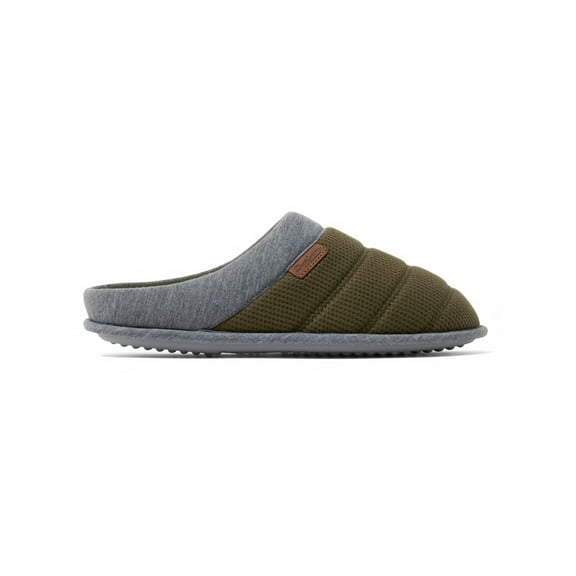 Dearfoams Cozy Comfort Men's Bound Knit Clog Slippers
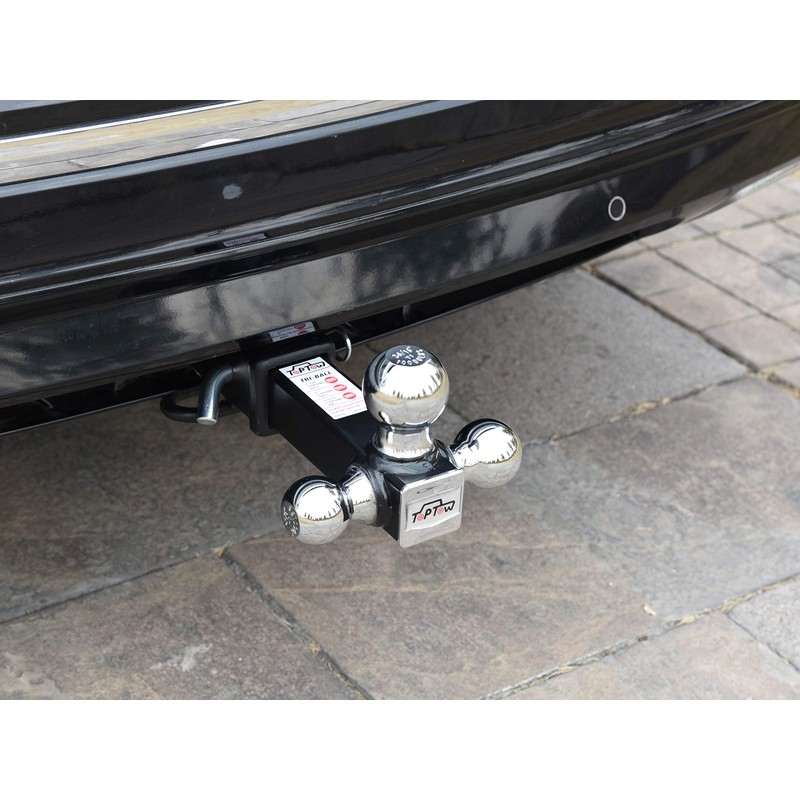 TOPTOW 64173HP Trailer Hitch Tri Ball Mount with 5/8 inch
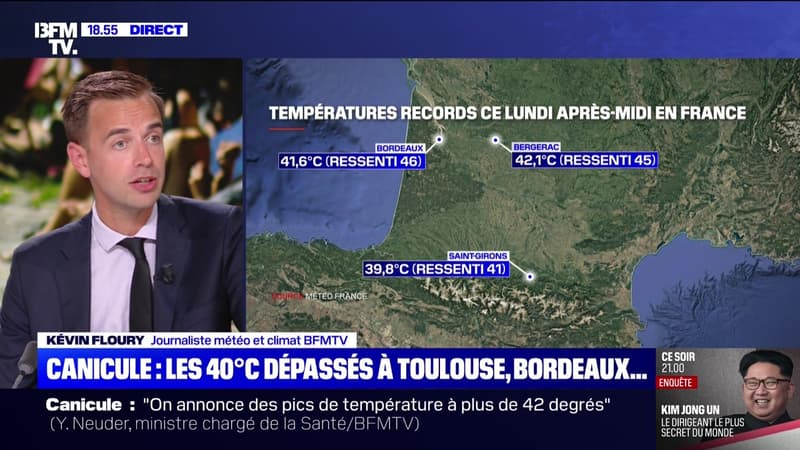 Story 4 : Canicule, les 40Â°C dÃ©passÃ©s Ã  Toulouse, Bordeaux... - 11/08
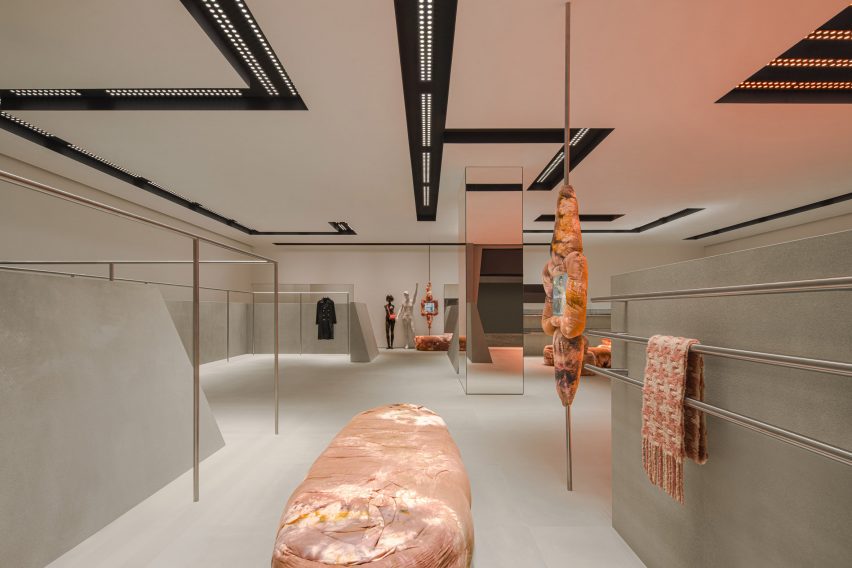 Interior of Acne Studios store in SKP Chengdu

What you have to do
One exact copy of the data, no pictures: write it out line for line.

Response to this exercise
 Dearfoams Cozy Comfort Men's Bound Knit Clog Slippers
 TOPTOW 64173HP Trailer Hitch Tri Ball Mount with 5/8 inch
 Story 4 : Canicule, les 40Â°C dÃ©passÃ©s Ã  Toulouse, Bordeaux... - 11/08
 Interior of Acne Studios store in SKP Chengdu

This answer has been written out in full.